Liam Neeson plays Nelson Coxman, a snowplough driver who loses his son to a suspected drug overdose. His life in ruins and with suicide seeming to be his only way out, Nels then discovers that his child’s death was by order of a man called Viking, a powerful drug cartel leader operating in Colorado. The bodies start to drop as Nels, now on a complete revenge stint, murders his way up the cartel’s pecking order, all the while Viking has to deal with the fury of a competing drug lord by the name of White Bull, who also ends up losing a son in the fallout.

Viking, played by the highly charismatic Tom Bateman, is one of the film’s highlights and is a pleasure to watch every time that he is on screen. According to Bateman, he had a great deal of fun depicting the bona fide psychopath:

I love this role. The whole point of the character is he looks like something, and it’s through his personality and what’s going on underneath him that actually where the story erupts from. This role has been one of the most fun I’ve played this year.

In an exclusive interview, Bateman explains the thinking that went into constructing Viking. Factoring the internal characteristics into how the character deals with both the mundane and intense events that occur:

He is a psychopath. Just when you think he’s going down one road, he flips it and goes down another. So, you may think “Oh he’s about to be violent” and then he might seductive and charming. “Oh he’s about to be funny” and then he shoots someone in the face and cuts off their head. I find there’s a hundred different ways I could play this character in each scene could be played in a hundred different ways. The lines could be completely subverted.

While also focusing on the greater motivation of the story:

You watch Liam going through the process of losing a son and then his wife leaving him, and the lengths he’s willing to go to satisfy that pain in him. He’s doing everything he’s doing because he’s hurting and he thinks the only way to do it is revenge.
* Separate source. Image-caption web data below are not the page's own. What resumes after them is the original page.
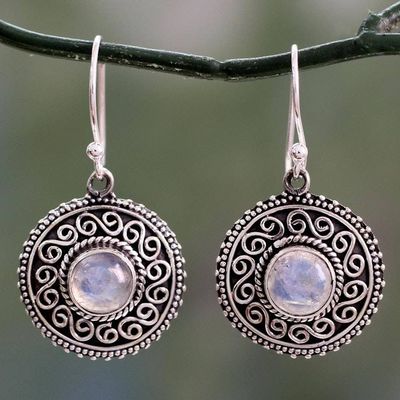 Alternate image for Rainbow Moonstone Earrings with Oxidized Silver Accents Moonlight Mandala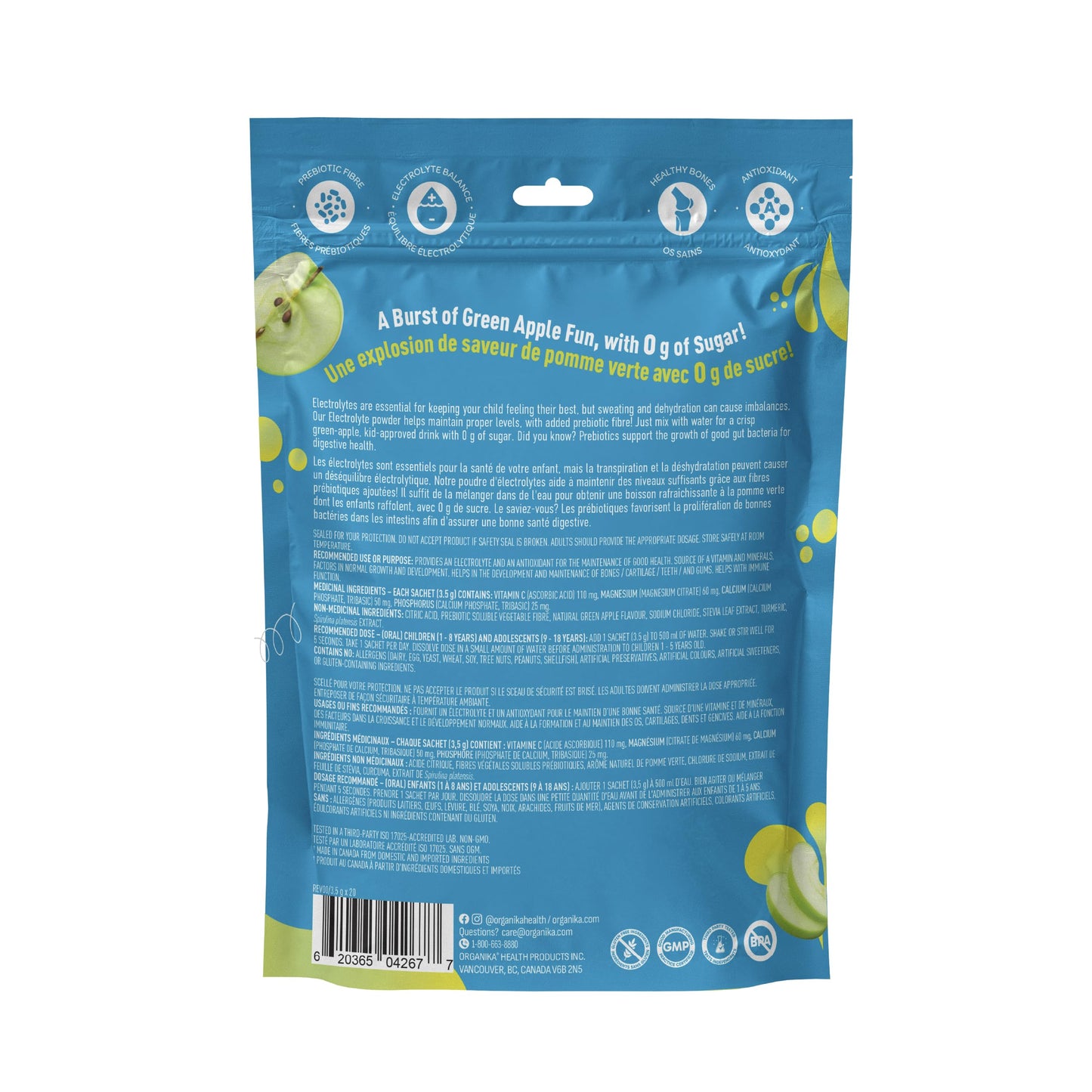 Organika Kids Electrolytes Powder Sticks - Sugar-Free Hydration + Immune support with 100% of daily Vitamin C, Minerals and Prebiotic Fibre | Green Apple Flavour - 3.5g x 20 sachets Organika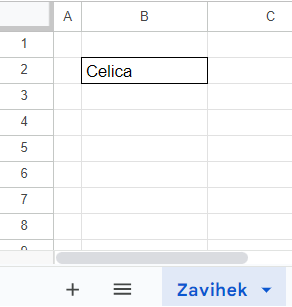Pojma zavihek in celica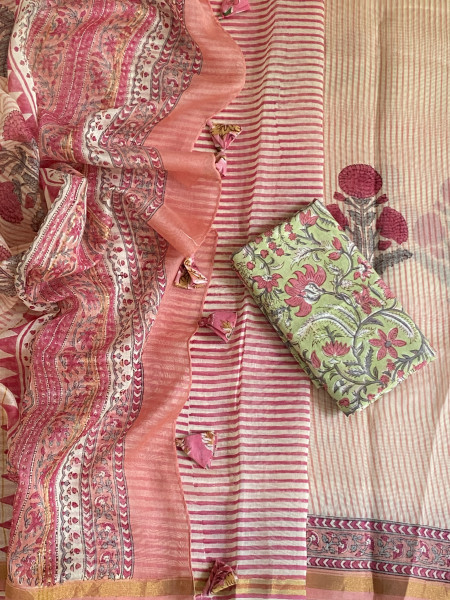 PINK-OFF WHITE HAND BLOCK PRINT CHANDERI SILK COTTON SARI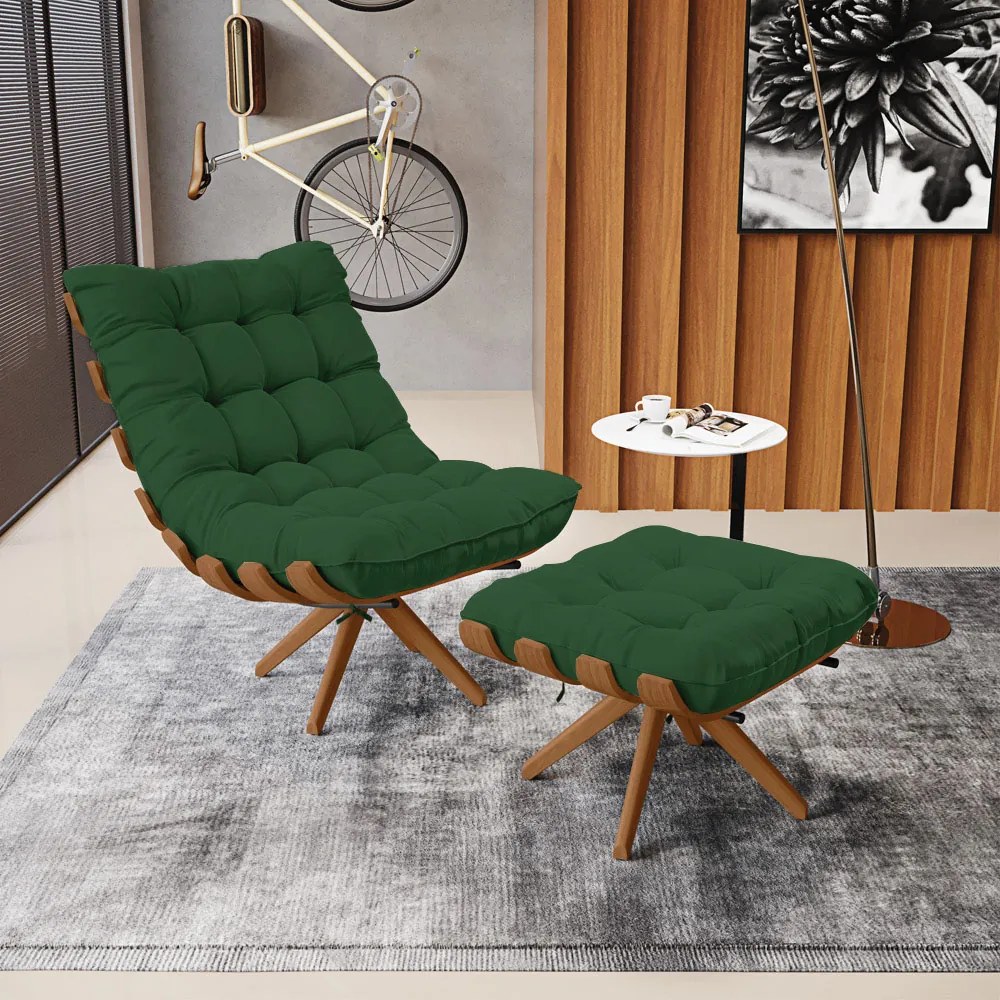 Puff Giratório Costela kit 2 Veludo Verde Base de Madeira MA30 M11 - D'Rossi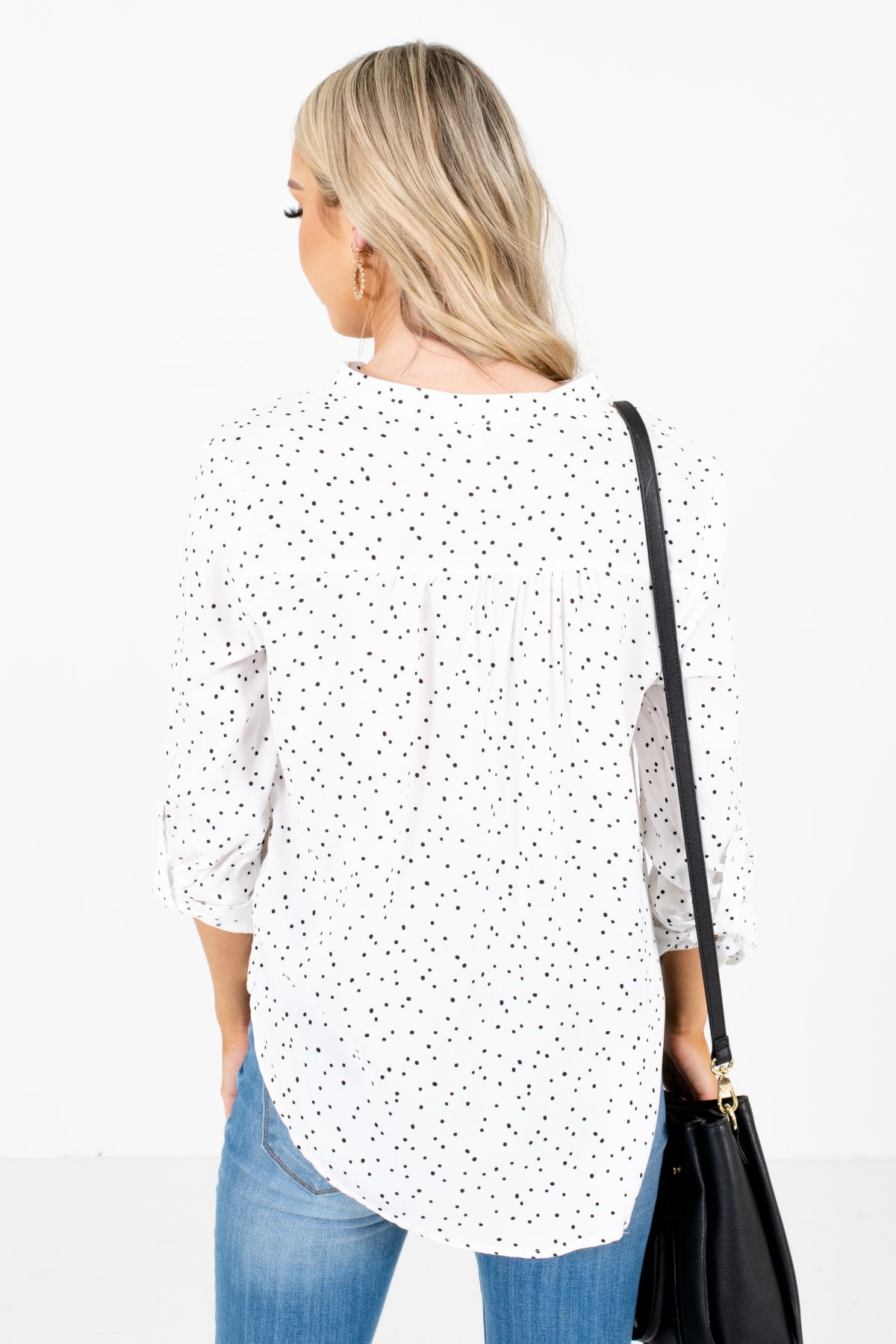 White 3/4 Length Sleeve Boutique Tops for Women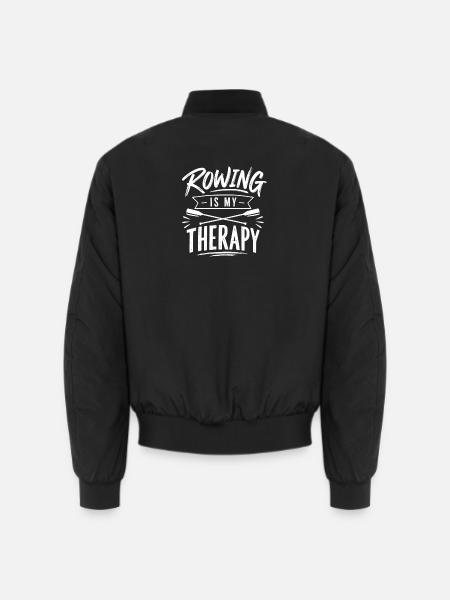 Rowing is my Therapy - Rudern ist meine Therapie - Unisex Bomberjacke - Schwarz
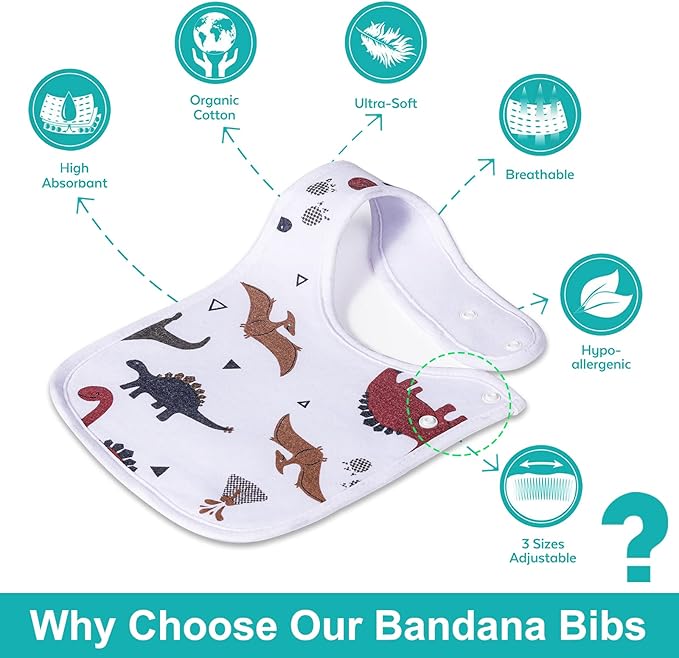 Baby Bibs Soft and Absorbent Organic Cotton Bandana Drool Bibs Set - Image 2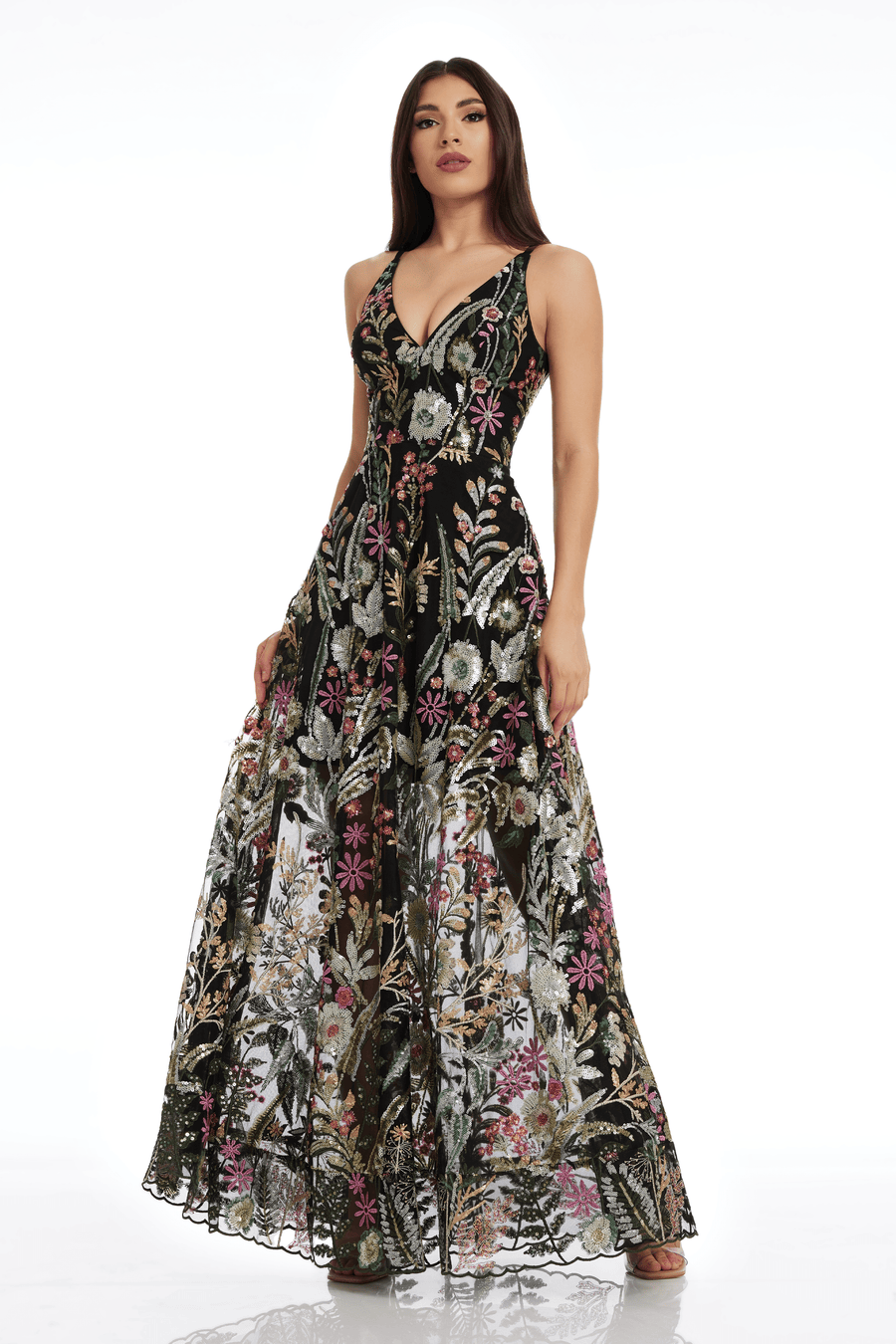 Ariyah Sleeveless Floral Sequin Gown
As soon as he starts killing my men, I want revenge on that. I accidently exercise that revenge on someone else. They then want revenge on me. It’s this huge big web that comes to a huge climax at the end, and leaves everyone really screwed.

Bateman goes on to describe his working relationship with director Hans Petter Moland and Liam Neeson. A collaborative endeavor that culminates in a film that is funny, dark, and dramatic all at the same time.